Ama Allah (cc) geçmişi ve geleceği her şeyiyle en ince detaylarıyla ezelden ebede bilmektedir. Onun (cc) zatı gibi sıfatları da ezeli ve ebedidir. Onun kudreti, rahmeti, sonsuzdur.
“Göklerdeki, yerdeki bu ikisi arasındaki ve toprağın altındaki her şey, yalnızca O’nundur. Sen sözü açığa vursan da, gizlesen de Allah için birdir. Çünkü O, gizliyi de bilir, ondan daha gizli olanı da.” (Taha 20/6-7)
“Bilmiş olun ki şüphesiz göklerdeki her şey, yerdeki her şey Allah’ındır. O, içinde bulunduğunuz durumu gerçekten bilir. Allah’a döndürülecekleri ve yaptıklarını Allah’ın onlara haber vereceği günü hatırla. Allah, her şeyi hakkıyla bilendir.” (Nur 24/64)
İnsanı kötülüklerden caydırmanın bir yolu da ona Allah korkusu ve ahiret bilincini yerleştirmektir. Bir toplum düşünün ki, ana okuldan üniversiteye kadar eğitim ve öğretimin her safhasında gençliğine murakabe gerçeğini öğretiyor, ahiret bilincini veriyor… İşte o toplum huzur, güven ve barış içinde olup hem dünya hem ahirette aziz olacaktır.

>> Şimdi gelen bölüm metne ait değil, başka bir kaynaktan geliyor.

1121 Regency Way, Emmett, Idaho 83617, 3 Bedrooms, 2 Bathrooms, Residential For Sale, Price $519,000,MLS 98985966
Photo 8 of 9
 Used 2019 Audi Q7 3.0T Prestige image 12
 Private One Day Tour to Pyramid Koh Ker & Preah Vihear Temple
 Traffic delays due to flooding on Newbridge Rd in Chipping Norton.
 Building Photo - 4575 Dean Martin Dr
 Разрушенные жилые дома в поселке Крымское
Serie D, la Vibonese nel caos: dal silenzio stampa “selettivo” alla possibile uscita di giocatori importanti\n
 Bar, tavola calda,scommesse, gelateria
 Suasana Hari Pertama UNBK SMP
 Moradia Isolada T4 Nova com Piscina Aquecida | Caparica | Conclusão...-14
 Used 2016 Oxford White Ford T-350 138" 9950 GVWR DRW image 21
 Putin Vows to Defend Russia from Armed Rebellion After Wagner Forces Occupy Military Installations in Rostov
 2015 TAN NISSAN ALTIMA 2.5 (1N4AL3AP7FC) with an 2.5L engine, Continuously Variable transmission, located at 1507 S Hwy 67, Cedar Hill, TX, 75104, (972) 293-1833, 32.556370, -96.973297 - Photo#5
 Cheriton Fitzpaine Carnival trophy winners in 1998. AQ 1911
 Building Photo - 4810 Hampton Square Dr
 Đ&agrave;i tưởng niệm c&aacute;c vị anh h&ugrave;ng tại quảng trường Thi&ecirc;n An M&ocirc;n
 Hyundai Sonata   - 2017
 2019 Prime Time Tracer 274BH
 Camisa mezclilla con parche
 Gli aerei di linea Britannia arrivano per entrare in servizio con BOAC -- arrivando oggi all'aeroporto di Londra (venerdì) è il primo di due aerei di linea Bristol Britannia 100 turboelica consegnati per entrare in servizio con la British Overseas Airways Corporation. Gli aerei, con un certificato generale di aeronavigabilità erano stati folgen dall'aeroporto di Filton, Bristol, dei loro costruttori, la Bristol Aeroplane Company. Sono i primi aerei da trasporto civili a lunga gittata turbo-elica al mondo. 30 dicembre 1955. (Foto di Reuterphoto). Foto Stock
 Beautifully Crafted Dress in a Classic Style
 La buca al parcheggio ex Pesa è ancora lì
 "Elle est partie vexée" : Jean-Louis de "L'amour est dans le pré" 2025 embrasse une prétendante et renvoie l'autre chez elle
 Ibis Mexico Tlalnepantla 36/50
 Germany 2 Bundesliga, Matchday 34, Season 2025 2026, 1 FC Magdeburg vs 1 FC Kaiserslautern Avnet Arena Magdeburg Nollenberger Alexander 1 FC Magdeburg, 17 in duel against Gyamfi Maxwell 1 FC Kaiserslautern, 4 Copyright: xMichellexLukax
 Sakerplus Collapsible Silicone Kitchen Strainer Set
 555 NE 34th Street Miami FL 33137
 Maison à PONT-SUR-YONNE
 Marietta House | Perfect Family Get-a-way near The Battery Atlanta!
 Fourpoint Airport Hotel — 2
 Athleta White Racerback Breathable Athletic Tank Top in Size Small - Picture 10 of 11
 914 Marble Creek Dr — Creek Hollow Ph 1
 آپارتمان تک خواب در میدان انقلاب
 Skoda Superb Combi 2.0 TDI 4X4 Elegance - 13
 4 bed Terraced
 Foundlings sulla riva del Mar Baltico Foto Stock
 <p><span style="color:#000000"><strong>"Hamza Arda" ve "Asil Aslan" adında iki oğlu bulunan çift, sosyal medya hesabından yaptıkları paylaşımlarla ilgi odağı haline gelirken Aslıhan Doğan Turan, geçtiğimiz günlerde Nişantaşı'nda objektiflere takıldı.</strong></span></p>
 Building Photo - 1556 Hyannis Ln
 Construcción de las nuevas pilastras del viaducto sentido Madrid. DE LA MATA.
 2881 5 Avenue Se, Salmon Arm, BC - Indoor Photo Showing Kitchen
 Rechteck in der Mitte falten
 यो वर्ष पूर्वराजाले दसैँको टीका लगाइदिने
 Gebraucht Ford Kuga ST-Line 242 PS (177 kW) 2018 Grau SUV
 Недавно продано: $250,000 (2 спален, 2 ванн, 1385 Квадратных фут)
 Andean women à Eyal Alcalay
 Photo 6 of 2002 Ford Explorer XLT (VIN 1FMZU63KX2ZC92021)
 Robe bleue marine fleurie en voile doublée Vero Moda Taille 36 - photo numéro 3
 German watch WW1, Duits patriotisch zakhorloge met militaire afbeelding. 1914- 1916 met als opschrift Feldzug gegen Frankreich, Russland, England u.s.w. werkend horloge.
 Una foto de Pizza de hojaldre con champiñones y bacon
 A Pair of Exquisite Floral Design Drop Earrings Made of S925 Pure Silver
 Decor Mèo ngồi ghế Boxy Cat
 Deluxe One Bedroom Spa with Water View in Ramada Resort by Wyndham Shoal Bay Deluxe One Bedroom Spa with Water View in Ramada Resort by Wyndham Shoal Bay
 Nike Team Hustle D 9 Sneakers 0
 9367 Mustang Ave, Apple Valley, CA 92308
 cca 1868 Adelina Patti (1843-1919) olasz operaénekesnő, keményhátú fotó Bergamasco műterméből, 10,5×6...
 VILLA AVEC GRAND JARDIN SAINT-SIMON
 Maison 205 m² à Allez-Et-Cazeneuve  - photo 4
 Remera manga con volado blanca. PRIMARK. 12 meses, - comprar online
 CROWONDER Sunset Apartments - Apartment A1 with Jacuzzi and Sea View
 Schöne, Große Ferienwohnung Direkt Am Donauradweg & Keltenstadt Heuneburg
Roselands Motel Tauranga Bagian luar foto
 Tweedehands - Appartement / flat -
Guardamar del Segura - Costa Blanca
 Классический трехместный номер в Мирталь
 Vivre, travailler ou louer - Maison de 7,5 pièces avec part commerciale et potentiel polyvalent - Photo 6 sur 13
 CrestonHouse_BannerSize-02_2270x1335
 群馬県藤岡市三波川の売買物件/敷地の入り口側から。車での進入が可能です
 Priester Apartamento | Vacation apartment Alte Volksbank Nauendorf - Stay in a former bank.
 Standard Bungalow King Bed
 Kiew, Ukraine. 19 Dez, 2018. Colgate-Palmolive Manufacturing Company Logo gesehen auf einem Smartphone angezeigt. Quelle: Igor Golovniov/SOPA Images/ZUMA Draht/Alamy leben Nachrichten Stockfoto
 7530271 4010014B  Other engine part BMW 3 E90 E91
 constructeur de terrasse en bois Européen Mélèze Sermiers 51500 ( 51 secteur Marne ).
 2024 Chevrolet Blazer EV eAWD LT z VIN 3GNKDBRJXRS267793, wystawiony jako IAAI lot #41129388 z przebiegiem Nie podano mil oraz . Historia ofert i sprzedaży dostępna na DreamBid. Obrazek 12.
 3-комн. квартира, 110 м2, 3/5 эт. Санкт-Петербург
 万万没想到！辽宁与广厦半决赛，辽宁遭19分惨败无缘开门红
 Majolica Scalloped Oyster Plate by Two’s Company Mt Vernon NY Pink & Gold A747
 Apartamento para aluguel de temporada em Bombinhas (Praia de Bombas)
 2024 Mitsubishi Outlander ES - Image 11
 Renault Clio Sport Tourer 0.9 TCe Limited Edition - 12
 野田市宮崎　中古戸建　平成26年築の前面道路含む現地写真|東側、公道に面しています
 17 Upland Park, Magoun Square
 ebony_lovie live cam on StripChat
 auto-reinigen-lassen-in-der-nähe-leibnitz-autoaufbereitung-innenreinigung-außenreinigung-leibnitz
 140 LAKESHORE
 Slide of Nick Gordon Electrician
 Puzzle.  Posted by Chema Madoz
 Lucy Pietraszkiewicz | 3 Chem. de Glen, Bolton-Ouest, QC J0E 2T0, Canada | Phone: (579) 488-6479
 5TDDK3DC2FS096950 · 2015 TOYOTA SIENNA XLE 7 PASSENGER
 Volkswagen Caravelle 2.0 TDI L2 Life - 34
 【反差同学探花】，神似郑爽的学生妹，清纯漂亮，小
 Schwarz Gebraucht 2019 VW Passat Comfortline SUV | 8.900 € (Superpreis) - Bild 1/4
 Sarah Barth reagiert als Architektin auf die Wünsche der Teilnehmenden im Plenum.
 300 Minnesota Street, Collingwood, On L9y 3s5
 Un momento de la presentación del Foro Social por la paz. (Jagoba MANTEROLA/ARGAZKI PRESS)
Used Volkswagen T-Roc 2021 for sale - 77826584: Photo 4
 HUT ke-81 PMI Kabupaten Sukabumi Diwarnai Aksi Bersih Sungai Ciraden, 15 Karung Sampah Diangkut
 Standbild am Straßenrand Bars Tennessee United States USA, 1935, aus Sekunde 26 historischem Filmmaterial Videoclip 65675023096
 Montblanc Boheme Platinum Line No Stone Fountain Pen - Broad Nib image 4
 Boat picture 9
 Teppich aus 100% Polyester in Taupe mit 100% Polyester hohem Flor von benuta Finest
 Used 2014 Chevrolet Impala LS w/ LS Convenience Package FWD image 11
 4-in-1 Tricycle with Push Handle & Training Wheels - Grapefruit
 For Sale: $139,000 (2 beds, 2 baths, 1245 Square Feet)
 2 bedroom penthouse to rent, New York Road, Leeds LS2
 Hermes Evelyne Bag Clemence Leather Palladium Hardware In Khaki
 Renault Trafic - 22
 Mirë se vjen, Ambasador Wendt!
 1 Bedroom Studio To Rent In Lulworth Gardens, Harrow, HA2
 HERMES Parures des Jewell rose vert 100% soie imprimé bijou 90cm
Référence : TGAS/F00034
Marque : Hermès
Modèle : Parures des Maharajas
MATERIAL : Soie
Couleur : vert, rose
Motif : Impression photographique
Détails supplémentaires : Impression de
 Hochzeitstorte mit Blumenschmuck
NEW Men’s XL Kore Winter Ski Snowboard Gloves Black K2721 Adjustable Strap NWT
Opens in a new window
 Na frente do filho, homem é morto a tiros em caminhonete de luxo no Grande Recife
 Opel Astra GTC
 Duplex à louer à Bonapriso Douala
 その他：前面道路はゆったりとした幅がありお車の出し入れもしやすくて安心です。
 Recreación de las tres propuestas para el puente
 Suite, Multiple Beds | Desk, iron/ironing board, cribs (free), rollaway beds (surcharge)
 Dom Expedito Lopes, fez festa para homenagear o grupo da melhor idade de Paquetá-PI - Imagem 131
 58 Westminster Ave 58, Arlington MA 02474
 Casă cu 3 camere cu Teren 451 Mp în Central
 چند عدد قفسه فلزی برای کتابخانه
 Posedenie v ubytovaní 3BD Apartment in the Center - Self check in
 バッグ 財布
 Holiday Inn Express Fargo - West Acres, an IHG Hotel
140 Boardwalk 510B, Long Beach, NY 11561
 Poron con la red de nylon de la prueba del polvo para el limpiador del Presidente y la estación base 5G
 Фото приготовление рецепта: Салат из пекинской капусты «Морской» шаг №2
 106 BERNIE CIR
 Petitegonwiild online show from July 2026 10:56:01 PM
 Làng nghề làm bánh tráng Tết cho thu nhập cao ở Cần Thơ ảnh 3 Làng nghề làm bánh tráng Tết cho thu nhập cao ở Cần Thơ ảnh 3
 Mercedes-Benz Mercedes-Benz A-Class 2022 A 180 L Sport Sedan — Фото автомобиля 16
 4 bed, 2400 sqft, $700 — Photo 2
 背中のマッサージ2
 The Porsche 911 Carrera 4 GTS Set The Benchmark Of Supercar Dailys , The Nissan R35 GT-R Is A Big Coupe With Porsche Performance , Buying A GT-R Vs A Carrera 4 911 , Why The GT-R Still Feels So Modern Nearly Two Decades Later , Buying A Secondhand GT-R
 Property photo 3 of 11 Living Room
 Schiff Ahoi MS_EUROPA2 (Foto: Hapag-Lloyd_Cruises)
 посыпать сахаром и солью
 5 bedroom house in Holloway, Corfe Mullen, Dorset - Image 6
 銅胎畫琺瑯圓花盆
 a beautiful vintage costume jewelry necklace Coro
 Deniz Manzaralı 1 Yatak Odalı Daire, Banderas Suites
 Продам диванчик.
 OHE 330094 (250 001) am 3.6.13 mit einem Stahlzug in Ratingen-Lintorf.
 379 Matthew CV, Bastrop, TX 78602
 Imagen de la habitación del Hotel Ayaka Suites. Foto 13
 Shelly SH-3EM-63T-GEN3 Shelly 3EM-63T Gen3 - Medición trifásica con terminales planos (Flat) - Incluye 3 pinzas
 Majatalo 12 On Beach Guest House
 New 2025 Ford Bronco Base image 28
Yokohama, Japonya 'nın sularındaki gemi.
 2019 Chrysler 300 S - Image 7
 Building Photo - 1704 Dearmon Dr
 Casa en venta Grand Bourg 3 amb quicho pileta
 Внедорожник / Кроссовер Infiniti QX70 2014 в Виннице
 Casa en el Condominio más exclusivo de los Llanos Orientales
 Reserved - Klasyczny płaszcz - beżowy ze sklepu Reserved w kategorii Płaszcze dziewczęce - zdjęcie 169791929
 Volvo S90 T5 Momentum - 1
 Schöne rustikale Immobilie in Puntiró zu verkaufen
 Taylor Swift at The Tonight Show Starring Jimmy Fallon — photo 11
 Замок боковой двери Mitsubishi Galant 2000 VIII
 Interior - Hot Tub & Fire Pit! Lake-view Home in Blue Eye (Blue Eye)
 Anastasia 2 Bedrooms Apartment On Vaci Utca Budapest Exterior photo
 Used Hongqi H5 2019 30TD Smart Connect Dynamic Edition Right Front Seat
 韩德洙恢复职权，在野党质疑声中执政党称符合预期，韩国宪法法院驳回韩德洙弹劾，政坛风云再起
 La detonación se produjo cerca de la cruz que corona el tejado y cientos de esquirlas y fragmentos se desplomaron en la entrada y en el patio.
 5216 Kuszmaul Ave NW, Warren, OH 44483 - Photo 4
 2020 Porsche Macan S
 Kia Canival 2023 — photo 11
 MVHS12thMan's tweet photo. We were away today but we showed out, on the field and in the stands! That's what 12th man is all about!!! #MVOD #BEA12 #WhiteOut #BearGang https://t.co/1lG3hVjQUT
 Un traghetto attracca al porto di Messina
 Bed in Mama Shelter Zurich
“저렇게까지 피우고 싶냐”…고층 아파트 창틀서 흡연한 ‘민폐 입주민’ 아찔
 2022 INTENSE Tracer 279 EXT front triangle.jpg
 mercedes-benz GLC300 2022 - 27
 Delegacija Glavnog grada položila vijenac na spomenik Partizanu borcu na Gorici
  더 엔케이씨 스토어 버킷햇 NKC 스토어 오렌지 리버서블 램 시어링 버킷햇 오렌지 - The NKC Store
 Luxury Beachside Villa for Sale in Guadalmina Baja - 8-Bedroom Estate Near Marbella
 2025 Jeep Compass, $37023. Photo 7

Aksi halde bir kaç yıl önce Mardin’in Bilge köyünde ve bir düğün evinde gerçekleşen, 44 kişinin katledildiği katliamlar gibi nice olaylarla hayat daha da kötüleşerektir.
Cebrail (as) Resulullah’a (s.a.v) gelerek şöyle dedi “Ey Muhammed (sav) ne kadar yaşarsan yaşa, mutlaka bir gün öleceksin. Kimi ve neyi seversen sev, mutlaka ayrılacaksın. Ne amel işlersen işle, mutlaka hesap vereceksin.”
İşte bu şuurla büyüyen bir nesle, zorla dahi kötülük yaptıramazsınız. Ama çağdaş uygarlık diye yutturulan batının; “her şey benimdir altta kalanın canı çıksın” prensibiyle büyüyen, aldığı çağdaş (!) eğitim sonucu, hayatı; mide ve uçkurdan ibaret gören insanların her birinin başına bir bekçi dikseniz dahi kötülüğüne engel olamazsınız. Çözüm yeniden İslam’a dönmek, Allah’a (cc) ve onun emirlerine teslim olmaktadır.